Katherine Research Station the new agribusiness hub

STOP-IN: Minister Ken Vowles takes a tour of the Katherine Research Station and meets some of the hard-working staff.
STOP-IN: Minister Ken Vowles takes a tour of the Katherine Research Station and meets some of the hard-working staff. Contributed

IT IS important as the Minister for Primary Industry and Resources that I visit different regions in the Territory.

Earlier this month I took the opportunity to visit Katherine to meet with industry stakeholders and departmental staff at the Katherine Research Station and Member for Katherine Sandra Nelson.

This government's agribusiness focus will be on backing the hard work of the growers and producers in the Katherine region. We are supporting Katherine to continue growing as a logistics and agribusiness hub and a major inland port.

Katherine's proximity to Darwin and already established road and rail infrastructure provide significant potential to deliver produce quickly and profitably to various markets.

At my recent visit, I stopped in at the Katherine Research Station, as well as undertaking a tour of the Tropical Treasures Mango packing facility and farm.

It was great to be able to visit the Katherine Research Station and meet up with the hard-working department staff.

There are many trials our researchers are currently undertaking at the station and it's really interesting to see these trials come together.

This government will facilitate the development of new markets as well as deliver greater on-farm impact of research undertaken, which will be achieved through working closely with industry and departmental staff.

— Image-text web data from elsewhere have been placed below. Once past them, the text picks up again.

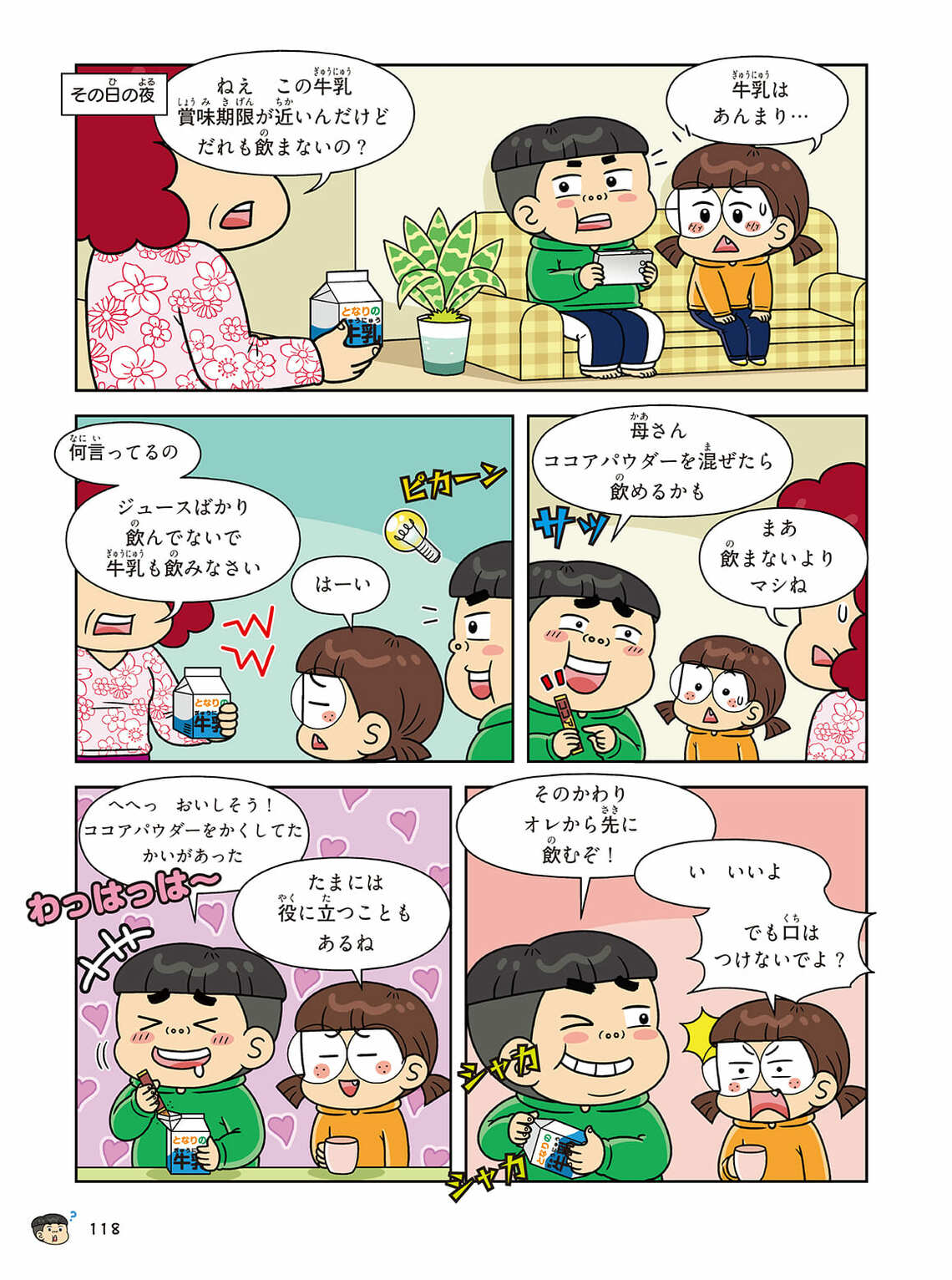 理科でミラクル5ページ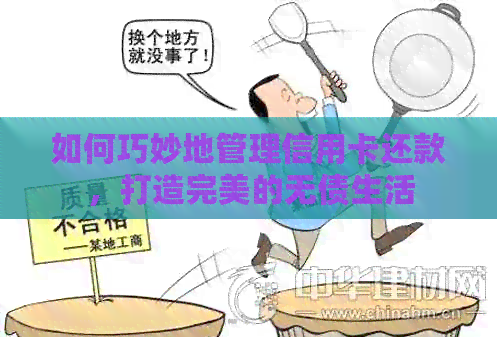 如何巧妙地管理信用卡还款，打造完美的无债生活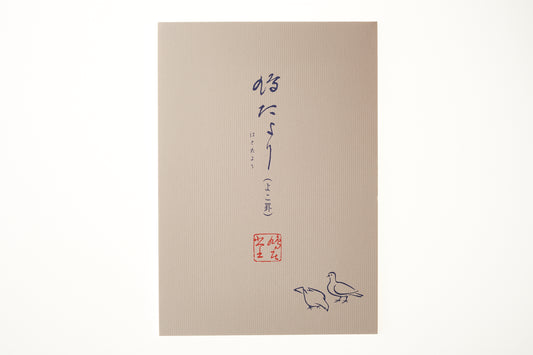 便箋 鳩たより(横罫) 縦25cm×横17.5cm×高さ0.5cm 30枚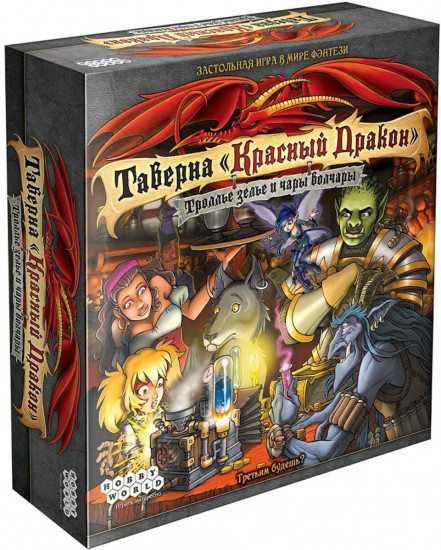 Игра настольная «Троллье зелье и чары волчары»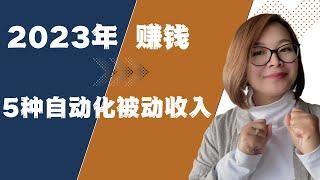 賺錢|2023 被動收入 | 要成为富人你必须要打造的5种被动收入|普通人也能做到！！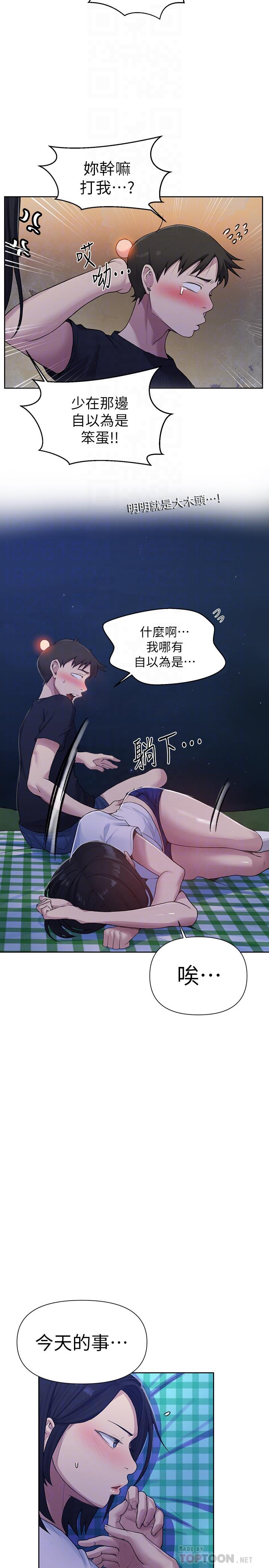 秘密教学 第75話-舒亞姐，第三次才能好好享受 第10页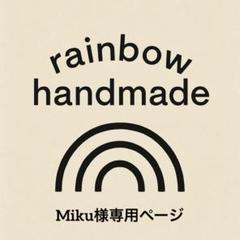 Miku様専用ページ⭐︎ - メルカリ
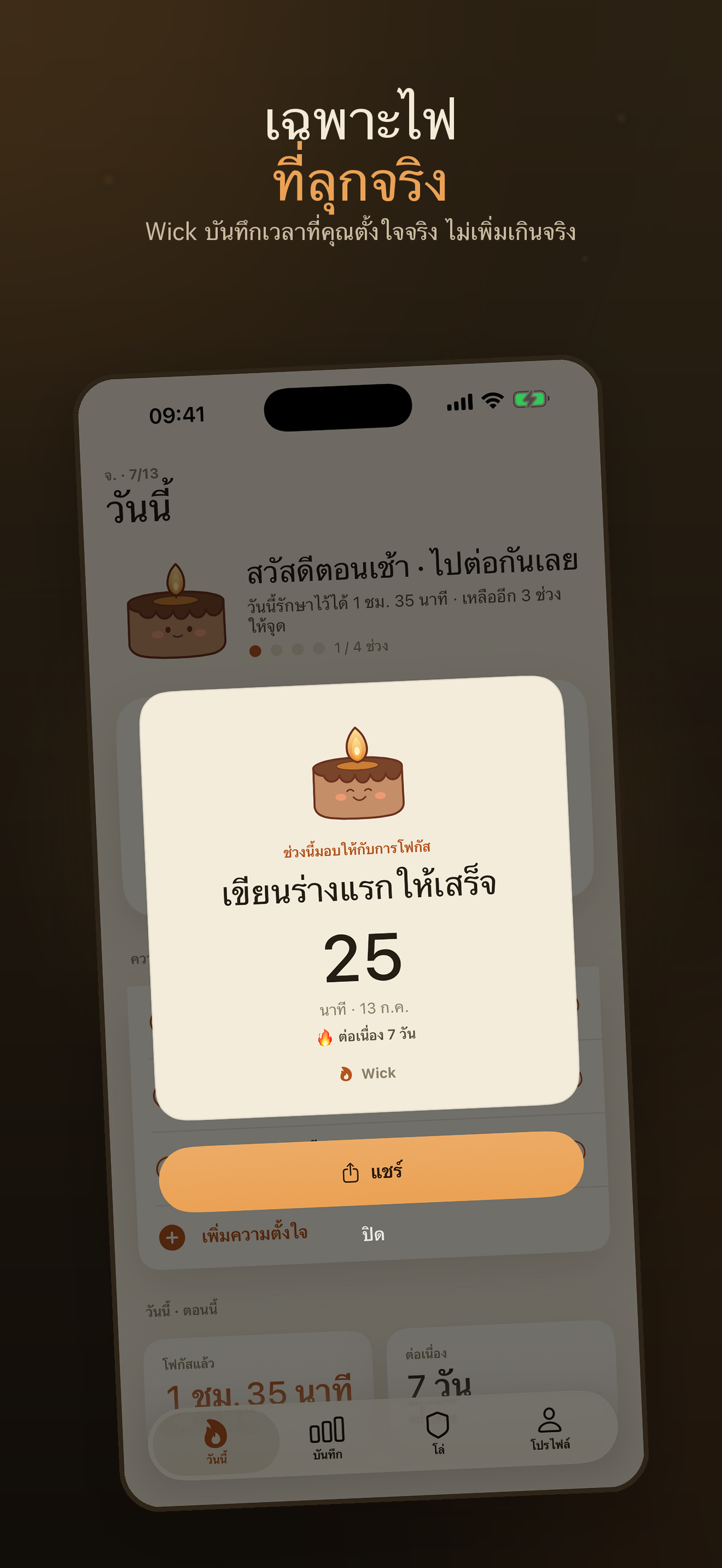 Wick: โฟกัสแสงเทียน — 5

I am excited about the opportunity for further development of key horticulture crops in the region, such as mangoes and melons, the expansion of the sandalwood plantation and the potential for new crops in the region.

In the cropping area, we were able to see wet season trials on forage sorghum, upland rice, soy beans, burgundy bean in combination with cavalcade and also cassava.

The cassava is being grown as a possible dual-purpose crop, with the tubers harvested for starch and the tops for cattle feed. We also examined the pen trial area, which allows the researchers to conduct replicated detailed nutritional trials involving up to 150 head.

I am thoroughly enjoying being able to get out and about and visit regional Territory and this will continue to happen throughout the year.